Dla mnie przeogromny plus, że do knajpy można wchodzić z psami:) jest  nawet dla nich kącik z miską oraz zabawkami. Tylko,że ja osobiście jak wchodzę ze swoim psem to go PILNUJĘ czytaj: siedzi cały czas na moich kolanach tudzież na krześle obok i zachowuje się jak maskotka- czyli leży i pachnie:). Osobiście nie spodobała mi się jedna sytuacja- przyszła grupka ludzi z psem. Piesek chodził sobie po całej knajpie, pod naszym stołem też wylądował. W pewnym momencie do stolika właścicieli czworonoga podszedł kucharz i bardzo grzecznie i z uśmiechem na twarzy poprosił ich żeby pilnowali psa bo wszedł im na kuchnię! Mój komentarz jest zbędny.
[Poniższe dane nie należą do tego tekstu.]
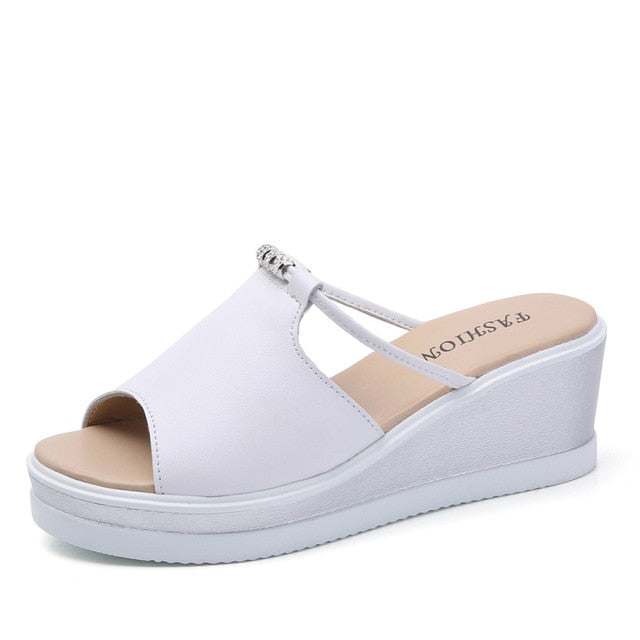 Sandali con zeppa Leren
Oczywiście tutaj nie mam pretensji do obsługi knajpy tylko do właścicieli psa.

Tak czy owak polecam ze względu na bardzooo dobre jedzenie!











na deser oczywiście nie mogło w domku zabraknąć rogalika :)


Mm.

sobota, 7 listopada 2015

Czy ja przespałam kilka tygodni!?

7 listopad. Co prawda troszkę kropi i jeszcze szaro na dworze,ale na moim termometrze jest 13 stopni NA PLUSIE! Postanowiłam posprzątać autko oczywiście w cienkiej jesiennej kurtce,żeby się nie zapocić. Autko ogarnięte więc czas na sobotnie zakupy spożywce. Wjeżdżam  do biedronki a tam:

Zachodzę do jysk'a poszukać nowej poduszki a tam od drzwi witają mnie Mikołaje, renifery, elfy w czapkach i ich cały sprzęt z Laponii...

No to czas do domu! Tam przecież jeszcze mam świeczniki-dynie, nietoperze, sztuczną pajęczynę i inne gadżety, które kojarzą mi się z halloween.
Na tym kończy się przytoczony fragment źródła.